We can narrow down what arc install <package> means by giving packages types, like "Arcanist Extension", "Phabricator Application", "Library", "System Package", etc. It can then select a narrower range of reasonable install behaviors.

arc sign: New command. Sign a publisher, package, or version. This is used when publishing or attesting to the correctness of packages.

arc version: Today, this means "show Arcanist version". In the future, it will likely mean "show versions of all installed stuff" instead.

We also probably need these capabilities, but can figure them out in the future:

Search packages? arc search jslint?
Add a new package source (URI of an installed version of Packages)? Just arc set-config for now?
Remove a package -- some --remove flag on arc install? Separate arc uninstall?

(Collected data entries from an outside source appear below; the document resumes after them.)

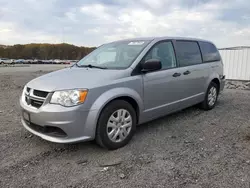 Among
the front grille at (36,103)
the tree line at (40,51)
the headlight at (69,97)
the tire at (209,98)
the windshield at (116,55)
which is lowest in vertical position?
the tire at (209,98)

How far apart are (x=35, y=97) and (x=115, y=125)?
1178 millimetres

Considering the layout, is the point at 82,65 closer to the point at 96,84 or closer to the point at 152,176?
the point at 96,84

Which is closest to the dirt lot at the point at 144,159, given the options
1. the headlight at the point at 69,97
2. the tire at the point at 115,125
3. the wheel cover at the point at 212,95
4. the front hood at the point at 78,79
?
the tire at the point at 115,125

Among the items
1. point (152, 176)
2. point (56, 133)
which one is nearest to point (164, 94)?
point (152, 176)

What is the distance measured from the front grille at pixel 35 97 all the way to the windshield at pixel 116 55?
111cm

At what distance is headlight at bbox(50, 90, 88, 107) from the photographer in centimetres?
283

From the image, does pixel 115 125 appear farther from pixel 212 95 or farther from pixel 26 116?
pixel 212 95

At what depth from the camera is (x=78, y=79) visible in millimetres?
3121

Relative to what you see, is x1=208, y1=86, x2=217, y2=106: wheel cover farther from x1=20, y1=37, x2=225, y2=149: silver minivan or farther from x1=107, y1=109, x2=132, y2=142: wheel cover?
x1=107, y1=109, x2=132, y2=142: wheel cover

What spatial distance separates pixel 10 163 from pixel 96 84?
4.93ft

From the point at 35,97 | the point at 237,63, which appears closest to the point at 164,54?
the point at 35,97

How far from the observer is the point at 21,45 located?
81.8 metres

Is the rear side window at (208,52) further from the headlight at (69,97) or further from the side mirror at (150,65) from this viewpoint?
the headlight at (69,97)

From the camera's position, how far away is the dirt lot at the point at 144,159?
2.47 meters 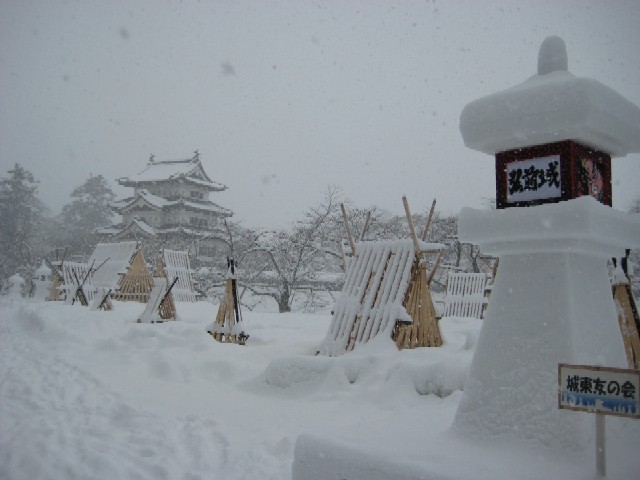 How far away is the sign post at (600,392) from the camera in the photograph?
187cm

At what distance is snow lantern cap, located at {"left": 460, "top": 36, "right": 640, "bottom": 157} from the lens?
2400 millimetres

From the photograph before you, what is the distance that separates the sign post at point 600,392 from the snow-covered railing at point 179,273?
18300mm

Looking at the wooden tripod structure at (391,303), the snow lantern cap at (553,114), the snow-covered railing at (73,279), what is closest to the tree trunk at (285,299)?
the snow-covered railing at (73,279)

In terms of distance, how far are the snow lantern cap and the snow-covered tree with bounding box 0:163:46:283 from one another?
36908 millimetres

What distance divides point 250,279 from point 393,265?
786 inches

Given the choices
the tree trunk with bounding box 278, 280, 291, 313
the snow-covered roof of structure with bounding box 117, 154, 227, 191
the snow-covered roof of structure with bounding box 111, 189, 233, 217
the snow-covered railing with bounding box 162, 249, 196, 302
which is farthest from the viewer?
the snow-covered roof of structure with bounding box 117, 154, 227, 191

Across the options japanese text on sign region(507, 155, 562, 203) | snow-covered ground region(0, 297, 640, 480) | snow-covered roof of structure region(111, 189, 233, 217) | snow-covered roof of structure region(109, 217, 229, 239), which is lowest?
snow-covered ground region(0, 297, 640, 480)

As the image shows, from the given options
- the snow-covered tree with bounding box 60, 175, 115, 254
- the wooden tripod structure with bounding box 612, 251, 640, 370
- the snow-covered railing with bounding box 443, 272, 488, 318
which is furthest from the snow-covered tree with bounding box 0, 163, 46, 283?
the wooden tripod structure with bounding box 612, 251, 640, 370

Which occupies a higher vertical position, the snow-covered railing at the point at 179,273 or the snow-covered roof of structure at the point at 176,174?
the snow-covered roof of structure at the point at 176,174

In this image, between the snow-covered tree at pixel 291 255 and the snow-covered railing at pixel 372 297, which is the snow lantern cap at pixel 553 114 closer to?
the snow-covered railing at pixel 372 297

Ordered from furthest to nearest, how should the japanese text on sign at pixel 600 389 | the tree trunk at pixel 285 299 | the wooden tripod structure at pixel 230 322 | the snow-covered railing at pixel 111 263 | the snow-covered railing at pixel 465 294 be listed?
the tree trunk at pixel 285 299 → the snow-covered railing at pixel 111 263 → the snow-covered railing at pixel 465 294 → the wooden tripod structure at pixel 230 322 → the japanese text on sign at pixel 600 389

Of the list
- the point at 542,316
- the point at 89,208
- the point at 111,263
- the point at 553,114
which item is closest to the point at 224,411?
the point at 542,316

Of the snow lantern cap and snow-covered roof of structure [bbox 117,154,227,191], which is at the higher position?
snow-covered roof of structure [bbox 117,154,227,191]

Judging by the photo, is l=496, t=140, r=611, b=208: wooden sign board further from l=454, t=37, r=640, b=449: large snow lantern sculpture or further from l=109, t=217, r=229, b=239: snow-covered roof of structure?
l=109, t=217, r=229, b=239: snow-covered roof of structure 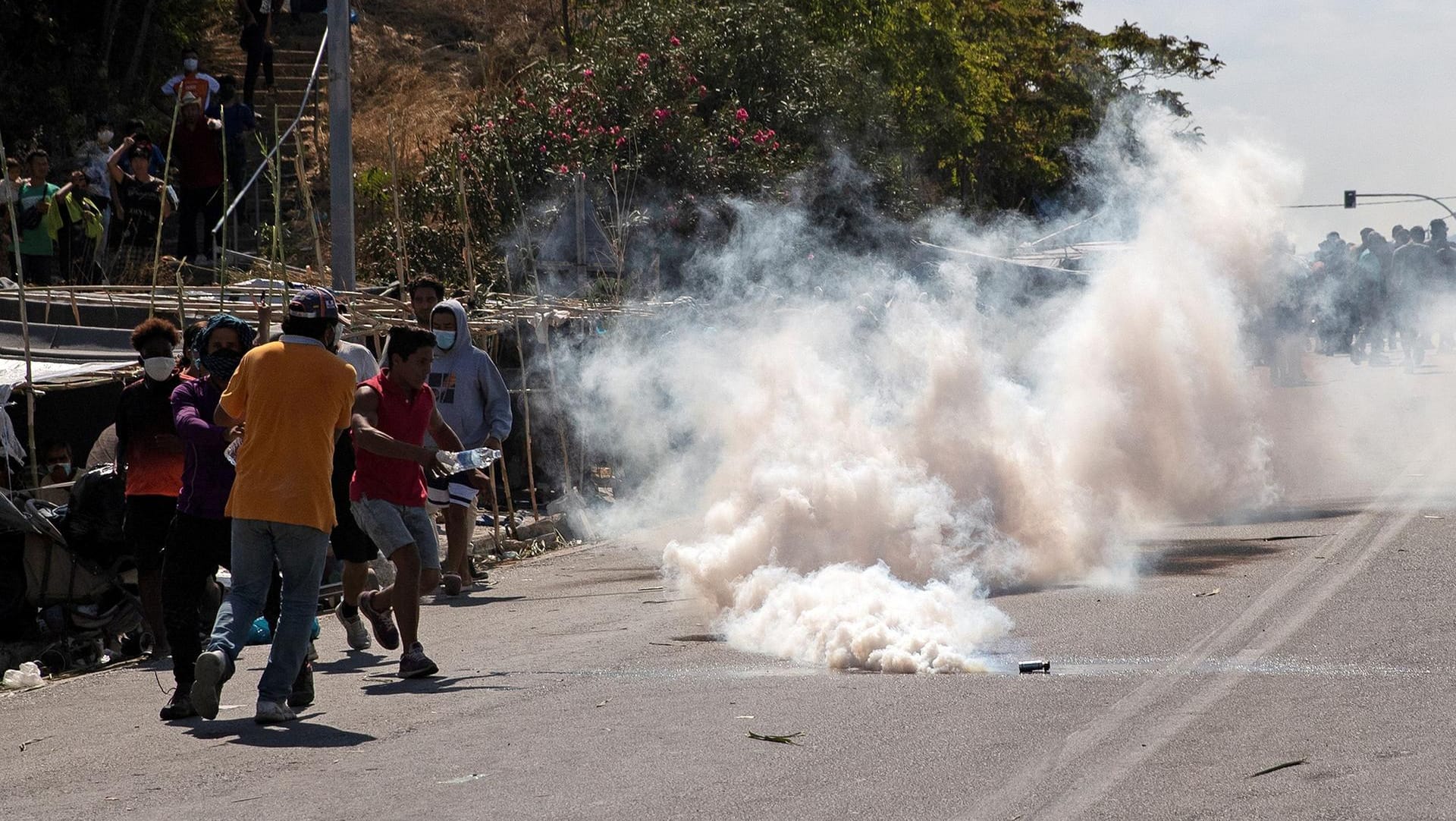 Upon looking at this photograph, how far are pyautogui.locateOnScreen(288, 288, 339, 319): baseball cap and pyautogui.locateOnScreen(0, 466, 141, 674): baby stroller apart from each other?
277cm

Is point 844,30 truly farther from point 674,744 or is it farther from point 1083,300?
point 674,744

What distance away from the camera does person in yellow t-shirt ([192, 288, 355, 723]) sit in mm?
6578

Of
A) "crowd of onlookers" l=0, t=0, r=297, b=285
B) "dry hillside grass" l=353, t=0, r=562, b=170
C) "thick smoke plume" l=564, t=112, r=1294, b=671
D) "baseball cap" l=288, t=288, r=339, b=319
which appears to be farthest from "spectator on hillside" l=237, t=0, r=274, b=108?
"baseball cap" l=288, t=288, r=339, b=319

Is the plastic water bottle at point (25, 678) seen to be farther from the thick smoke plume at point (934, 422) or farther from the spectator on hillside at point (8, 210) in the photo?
the spectator on hillside at point (8, 210)

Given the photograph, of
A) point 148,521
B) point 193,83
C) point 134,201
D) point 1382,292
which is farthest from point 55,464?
point 1382,292

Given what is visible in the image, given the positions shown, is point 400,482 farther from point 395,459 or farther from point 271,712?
point 271,712

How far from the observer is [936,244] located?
74.8ft

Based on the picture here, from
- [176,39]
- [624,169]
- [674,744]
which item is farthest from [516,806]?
[176,39]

Making major additions and changes to arc workflows dovetails heavily with T10329 and adjacent tasks. I expect to pursue that first, provide a more solid foundation for arc workflow to build upon, and then implement the new workflows.

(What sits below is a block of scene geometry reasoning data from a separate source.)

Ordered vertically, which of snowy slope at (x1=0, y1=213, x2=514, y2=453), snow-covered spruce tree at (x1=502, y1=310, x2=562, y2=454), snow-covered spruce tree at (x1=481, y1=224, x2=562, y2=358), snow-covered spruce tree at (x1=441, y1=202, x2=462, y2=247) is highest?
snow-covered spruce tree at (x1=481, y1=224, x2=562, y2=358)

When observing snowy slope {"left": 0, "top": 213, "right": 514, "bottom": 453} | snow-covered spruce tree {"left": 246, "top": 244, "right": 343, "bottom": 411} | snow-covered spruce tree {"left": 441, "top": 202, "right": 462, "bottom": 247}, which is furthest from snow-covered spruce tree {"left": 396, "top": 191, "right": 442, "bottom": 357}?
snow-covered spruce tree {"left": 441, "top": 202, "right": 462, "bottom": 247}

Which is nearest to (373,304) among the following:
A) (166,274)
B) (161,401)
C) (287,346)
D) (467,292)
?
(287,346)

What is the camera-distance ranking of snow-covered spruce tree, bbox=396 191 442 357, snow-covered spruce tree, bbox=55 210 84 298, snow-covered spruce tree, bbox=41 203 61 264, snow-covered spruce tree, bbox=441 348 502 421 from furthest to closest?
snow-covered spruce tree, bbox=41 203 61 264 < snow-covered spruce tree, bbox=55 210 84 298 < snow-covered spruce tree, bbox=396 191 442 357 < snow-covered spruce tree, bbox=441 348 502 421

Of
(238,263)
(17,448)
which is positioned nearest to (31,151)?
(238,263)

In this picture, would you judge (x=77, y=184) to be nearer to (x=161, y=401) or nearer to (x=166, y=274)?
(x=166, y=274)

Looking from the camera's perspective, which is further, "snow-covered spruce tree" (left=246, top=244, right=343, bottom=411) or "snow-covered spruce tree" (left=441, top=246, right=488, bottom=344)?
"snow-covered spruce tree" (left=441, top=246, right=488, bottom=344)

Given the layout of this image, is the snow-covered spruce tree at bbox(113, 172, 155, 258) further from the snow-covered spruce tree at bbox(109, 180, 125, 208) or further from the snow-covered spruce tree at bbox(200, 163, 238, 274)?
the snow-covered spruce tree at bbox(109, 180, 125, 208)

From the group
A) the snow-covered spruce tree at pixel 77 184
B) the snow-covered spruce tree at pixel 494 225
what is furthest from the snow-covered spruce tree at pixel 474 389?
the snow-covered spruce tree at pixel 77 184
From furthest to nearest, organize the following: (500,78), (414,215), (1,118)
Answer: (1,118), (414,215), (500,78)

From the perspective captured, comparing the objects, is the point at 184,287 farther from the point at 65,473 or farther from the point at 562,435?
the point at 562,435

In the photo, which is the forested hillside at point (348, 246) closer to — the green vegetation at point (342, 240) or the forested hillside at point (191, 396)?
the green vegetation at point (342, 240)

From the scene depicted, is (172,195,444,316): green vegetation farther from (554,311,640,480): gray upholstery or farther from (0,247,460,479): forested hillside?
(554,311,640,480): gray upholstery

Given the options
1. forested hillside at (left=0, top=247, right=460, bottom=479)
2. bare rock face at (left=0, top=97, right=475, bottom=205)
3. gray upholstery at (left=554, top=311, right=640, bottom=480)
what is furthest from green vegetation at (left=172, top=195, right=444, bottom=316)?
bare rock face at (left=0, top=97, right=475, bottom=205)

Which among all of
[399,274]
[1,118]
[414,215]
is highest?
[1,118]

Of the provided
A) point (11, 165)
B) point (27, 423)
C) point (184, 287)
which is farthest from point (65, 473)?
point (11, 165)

Specifically, the next pieces I expect to build are:

Package types ("Arcanist Extension", "Phabricator Application", "Library", "System Software" (future)).
PackageSignature on the server, and arc sign on the client (initially, only for Publishers and Packages, probably).
Additional properties on Versions so they can actually point at a Git repository to clone (this will be modular in the future, but only support "clone a Git repo" for now).
Client-side support for cloning repos (arc install, arc version) and loading extensions.
Some sense of an upgrade channel / pathway and arc upgrade. Currently, "Versions" are not related to one another, so there's no way to specify how to upgrade version X. We can limp along without this initially since "look it up, then arc install" is fine for administrators while this is a prototype and I don't expect anyone to publish and sign 200 versions of an extension in the first week.

Upshot:

To move forward, Packages needs a mixture of client and server changes.
Arcanist workflows are getting modernized before the client changes (T10329).
After that, Packages can move forward on both the client and server.

epriestley mentioned this in T11397: Overcommit -> arc lint.Jul 30 2016, 11:38 AM

faulconbridge added a subscriber: faulconbridge.Aug 1 2016, 1:26 PM

It might be beneficial to generally support gpg signed commits / tags in phabricators git repos and then use the same mechanism for the arcanist packages.
Since github recently started pushing this feature a bit (https://github.com/blog/2144-gpg-signature-verification) quite a few library maintainers started signing their release tags.
And i just recently spoke to a lib maintainer about extending composer to verify all packages (on install or upgrade) against a list of authors trusted by the user (or an enterprise wide list).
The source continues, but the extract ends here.